The deal remains subject to NextDecade making a positive final investment decision (FID) on Train 5.
This deal adds to ConocoPhillips’s Gulf Coast LNG supply.
Most recently, the company announced a long-term offtake agreement for 4 mtpa of LNG from Sempra Infrastucture’s Port Arthur LNG Phase 2, which is in addition to a prior agreement for 5 mtpa of LNG from Phase 1.
In addition to the SPA, ConocoPhillips’ expertise and experience in heavy hydrocarbon removal from feed gas is utilized at the Rio Grande LNG facility through its OCP CryoSep technology.
OCP CryoSep provides targeted recovery and/or removal of heavy hydrocarbons that would otherwise freeze or lead to high BTU content in LNG.
“We’re excited to help move this project closer to FID while advancing our global LNG portfolio strategy and 10 to 15 mtpa offtake ambition. We continue to build scale and diversification, adding supply and sales points offering further optionality for optimization,” Khoa Dao, chief commercial officer for ConocoPhillips, said.
FID in Q4
Matt Schatzman, NextDecade chairman and CEO, said that the company hass now completed commercialization of Train 5, and “we are focused on finishing the financing and achieving a positive FID.”
NextDecade has now announced a total of 4.5 mtpa of LNG from Train 5 sold under 20-year LNG SPAs, which it believes is sufficient to support a positive FID on Train 5.
Subject to obtaining adequate financing, NextDecade expects to achieve a positive FID on Train 5 in the fourth quarter of 2025, within the current price validity period for the company’s Train 5 EPC contract with Bechtel Energy.
Subject to obtaining adequate financing, NextDecade also continues to expect to achieve a positive FID on Rio Grande LNG Train 4 by September 15, 2025.
Rio Grande LNG
NextDecade is currently building three trains at the site located on the north shore of the Brownsville Ship Channel in south Texas.
In July 2023, NextDecade took the final investment decision on the first three Rio Grande LNG trains and completed a $18.4 billion project financing.
Additionally, the firm closed a joint venture agreement for the first phase, which included approximately $5.9 billion in financial commitments from Global Infrastructure Partners (GIP), GIC, Mubadala, and TotalEnergies.
The deal also included options for the fourth and fifth trains.

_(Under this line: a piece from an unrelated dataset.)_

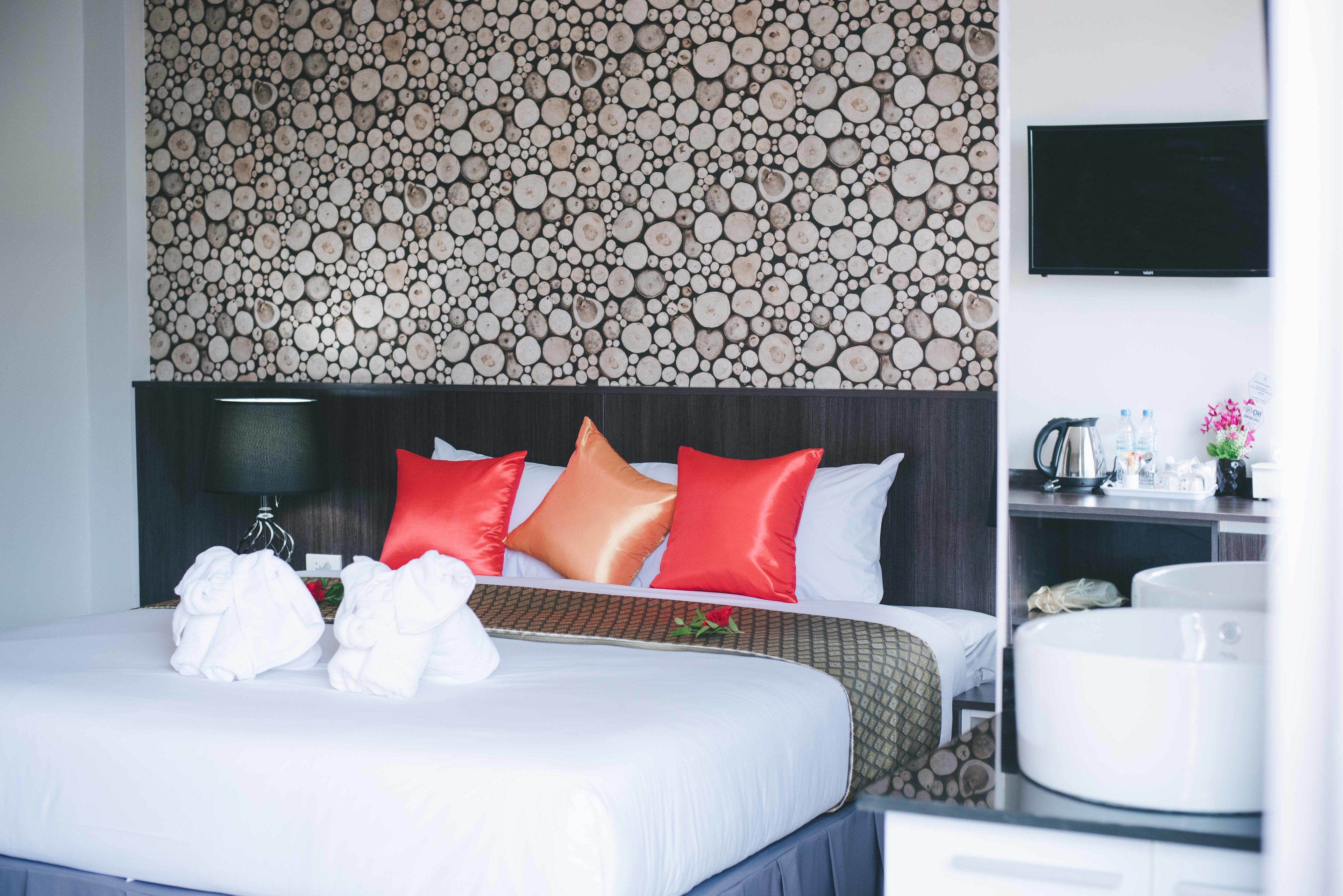 Habitación de hotel con una cama bien hecha, un televisor montado en la pared y una mesita de noche con hervidor y botellas de agua.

Phase 1, with a nameplate liquefaction capacity of 17.6 mtpa, has 16.2 mtpa of long-term binding LNG sale and purchase agreements.

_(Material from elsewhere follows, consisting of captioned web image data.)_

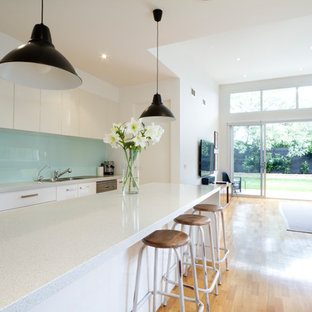 Inspiration for a contemporary single-wall open plan kitchen in Sussex with flat-panel cabinets, white cabinets, blue splashback, medium hardwood flooring, an island, brown floors and white worktops.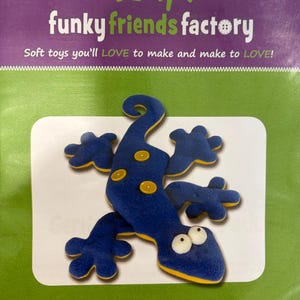 May include: A blue and yellow plush gecko toy kit from Funky Friends Factory. The kit includes a soft toy gecko with a heat pack, measuring 17 inches. The packaging features the text "Soft toys you'll LOVE to make and make to LOVE!" and "Gertie GECKO."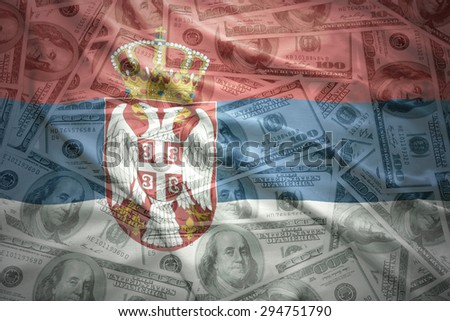 colorful waving serbian flag on a american dollar money background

In addition to these five trains, NextDecade announced plans in March to build up to five more trains at the Rio Grande LNG facility.
NextDecade said it is developing and beginning the permitting process for Trains 6 through 8.
The LNG terminal operator expects these trains to increase its total liquefaction capacity by approximately 18 mtpa once constructed and placed into operation.